Taliban: 'We're Too Busy in Afghanistan' to Work with Pakistan

Militant leader's son denies links to Pakistan's Intelligence Services.

July 31, 2008—

ISLAMABAD, Pakistan -- The son of the most notorious mujahedeen-turned Taliban military leader is denying the CIA's claim that the Pakistani intelligence agency is working with the Taliban to destabilize Afghanistan.

"Afghan mujahedeen are so busy in their war against the westerners, that they don't have the time or the need to go to Pakistan. If we ever needed or hoped for the government's cooperation, then we would have done this. We have neither the hope nor the need," Sirajuddin Haqqani, the son of Taliban commander Maulvi Jalaluddin Haqqani, told ABC News in an interview.

"We in Afghanistan, by the grace of God, don't need them. Our needs in Afghanistan are fulfilled. We are self-sufficient in Afghanistan," the younger Haqqani told ABC News consultant Rahimullah Yusufzai in Khost, Afghanistan, just across the border from Pakistan.

The Haqqani network is one of the most notorious of the militant groups that the U.S. believes is attacking forces in Afghanistan. Haqqani himself was one of the CIA's favorite mujahedeen leaders during the war with the Soviet Union in the late 1980s, at one point capturing Khost, the city where the interview with his son took place.

Today, officials say his network is behind some of the largest attacks in Afghanistan in the last year, including the storming of the Serena Hotel and an assassination attempt on Afghan President Hamid Karzai.

The networks, U.S. officials believe, give the Taliban more resources and greater sophistication in their targeting of U.S. soldiers in Afghanistan.

Sirajuddin Haqqani echoed those fears in the interview.

"It's beyond count," he said when asked how many fighters were loyal to him and his father. "Now tribes have arisen. When we tell them we want 1,000 people, they send 1,000 people. When we ask for 100, they send 100. Now, it's beyond count. It's on a big scale."

But despite those resources, he claimed there is no Taliban campaign being waged in Pakistan. "Our brothers mujahedeen in Pakistan, we have a spiritual relationship with them. But we do not interfere in their internal affairs. Our policy is clear. All our attention is on Afghanistan."

Earlier this month C.I.A. official Stephen Kappes traveled to Islamabad to confront the government with new information that the U.S. says links Pakistan's powerful Inter-Services Intelligence to militant groups -- including the one that the Haqqanis run -- operating on both sides of the border. His trip was first reported by "The New York Times".

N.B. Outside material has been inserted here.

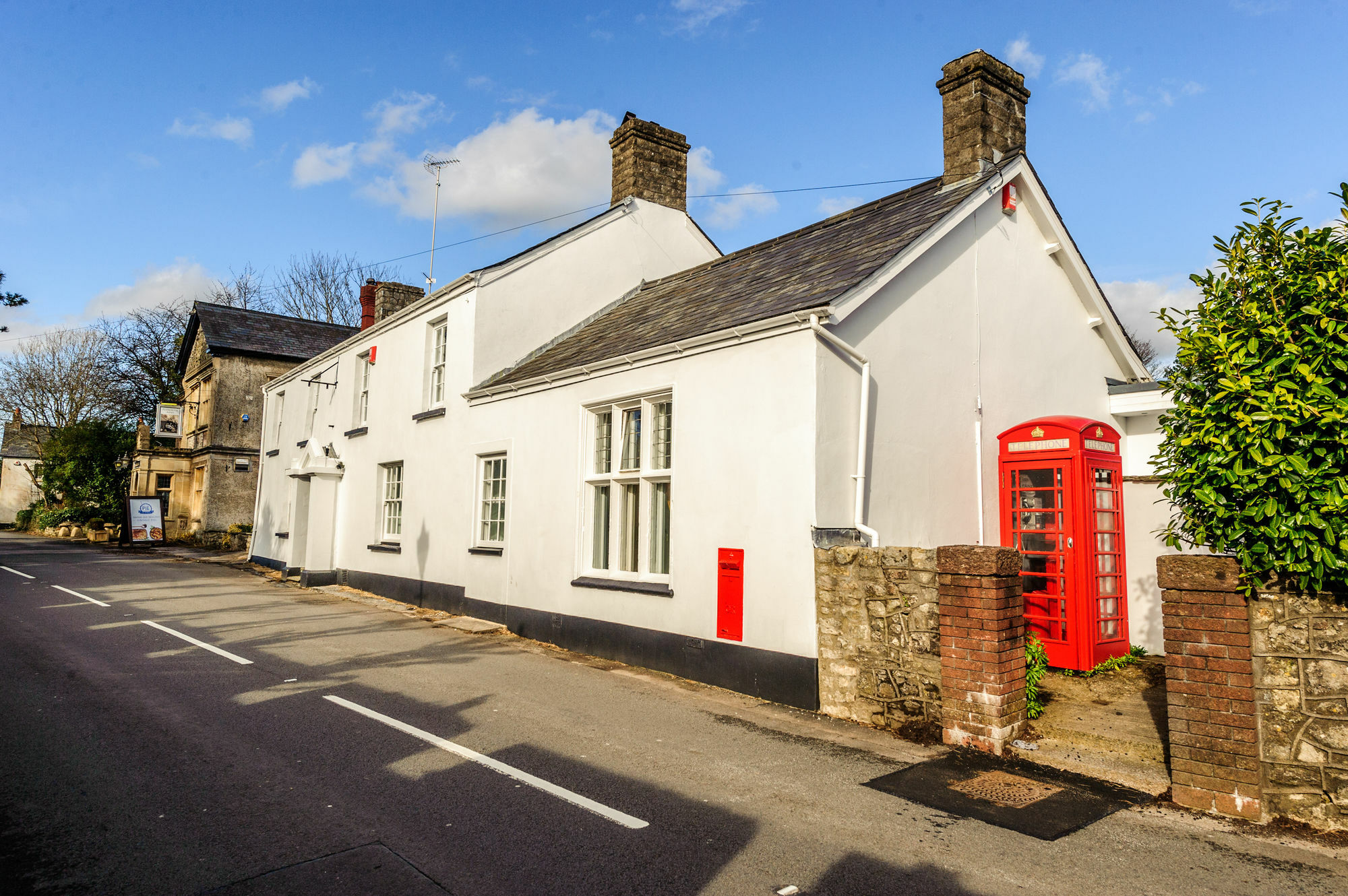 Old Post House 3* Cardiff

The U.S. -- not to mention Afghanistan and India -- has been increasingly vocal about the Taliban in Pakistan launching attacks on U.S. forces in Afghanistan. More soldiers are dying in Afghanistan than in Iraq, and the number of attacks on NATO forces increased by 40 percent over the last year in the region east of Kabul. The U.S. thinks the Pakistan government's attempts to make peace with militants in the Northwest Frontier Province are endangering U.S. soldiers' lives.

But it's new that the U.S. is pointing its finger at the Pakistani I.S.I., so powerful it's often referred to as a "state within a state."

Even President Bush reportedly raised the spy agency with Pakistani Prime Minister Yousuf Raza Gilani during their White House meeting on Monday, according to Pakistan's Defense Minister, who told reporters in Islamabad today that Bush questioned whether the spy agency was leaking information to terrorists before U.S. attacks.

"We know the Pakistani intelligence service is in some cases in bed with these groups," Bruce Reidel of the Brookings Institution told ABC News' Jonathan Karl, "or at a minimum turning a blind eye to their activities."